Они останавливаются и глядят на старика, потом на таинственные узоры, начерченные палкой. Старик совсем не обращает на них внимания, где-то он на Чонгаре, а может быть, еще в Порт-Артуре…

А по красной дорожке под цветным зонтиком с раскрытой книгой идет дама, а за ней на тоненьких, как ниточки, ножках бежит остролицая, косоглазая японская моська, малюсенькая, как мышь, такая для этих мест странная и неправдоподобная, что все трое усмехаются и не верят своим глазам и долго после обсуждают и спорят, может ли такое быть.

Мальчики пересекают культурную зону терренкура и наконец выходят из леса, и по увалам открывается поле, а там, вдали, деревня. «Чур! Чур!» Они ударяют портфелями по крайней березе, срываются с места и с криками, воплями бегут в открытое поле, сливаясь с простором, с небом, с ветром.

Пройдет много, много лет, по разным дорогам разойдутся эти три мальчика, может быть, никогда в жизни и не встретятся и ничего знать не будут друг о друге. Но навсегда останется в их памяти и вдруг в самую неожиданную минуту, наяву или во сне явится освещенная солнцем майская дорога через лес из школы домой, в деревню Самохино, — сумеречный старый сосновый бор, оранжевая от лютиков поляна, туманная, холодная падь с журчащей на камнях Вертушинкой и, наконец, великое, бесконечное, открытое по увалам поле, давшее им дыхание, волю, свободу на всю долгую их жизнь.

ОТ ЗАРИ ДО ЗАРИ

РАССВЕТ

Было серо, тихо, туманно, солнце еще не взошло. Но, боже мой, как звенел лес, перекликался на разные голоса, квакал, мяукал, клекотал то писком, то каким-то жадным захлебывающимся воркованьем, как звали они друг друга, жаловались друг другу, исповедовались, вопили в теплом тумане рассвета.

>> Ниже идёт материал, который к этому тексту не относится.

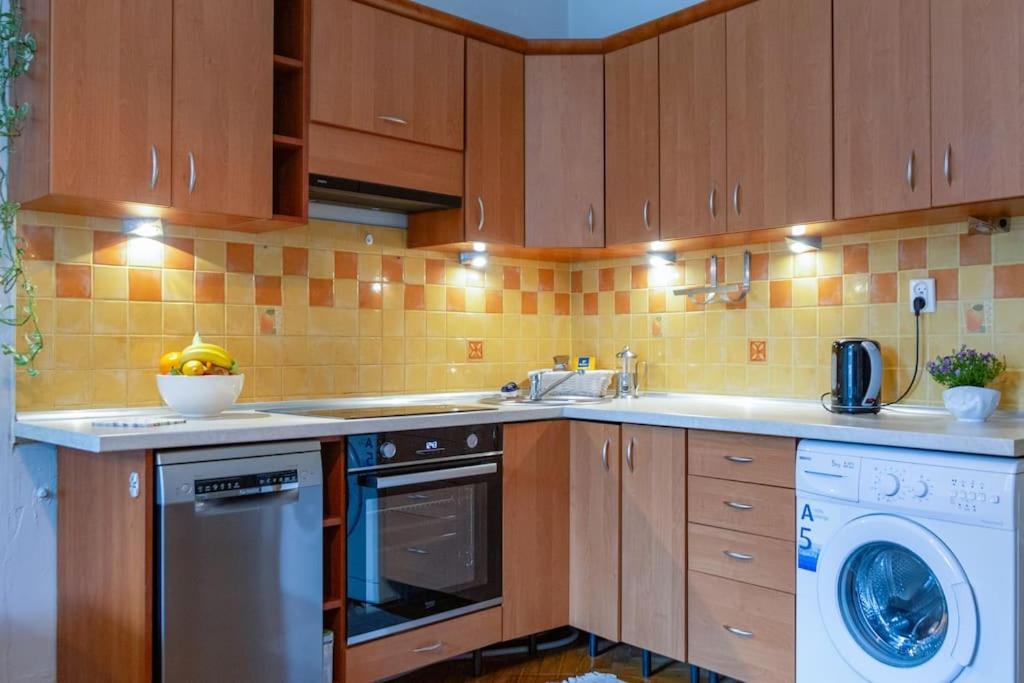 Comfort&central 2-bedroom Apt. Apartament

Можно было разобрать молящие женские и жесткие мужские скрипящие голоса, и несмышленый, высоко звенящий детский плач, и печальный, обреченный старческий хрипящий шепот, — все хотело, жаждало, спешило жить и забубенно жило во времени и пространстве.

И все сливалось в такой ненасытный, торжествующий и ликующий хор, словно то был первый день творения.

МАЙСКОЕ УТРО

Раннее майское утро. Проснулись одуванчики, и вся поляна стала желтая, ярко-солнечная.

Толстый, мохнатый, черно-оранжевый шмель, как штурмовик, бреющим полетом сердито летает над поляной. И вдруг с налету садится на крупный, косматый, огненный одуванчик и, жадно захватив цветок и изогнувшись, горбясь пушистым загривком, глубоко запускает в тычинки алчный хобот и, отдуваясь и пыхтя, работает вовсю — будто гудит мотор.

Я низко нагнулся над ним. Он как бы чувствует соглядатая, сердится, отфыркивается, на миг повернув ко мне свое плюшевое, сердитое, раскрашенное лицо: «Чего надо?» — и, снова обняв цветок, любовно прижав его к себе, по-хозяйски, по-шмелиному жадно обирает его.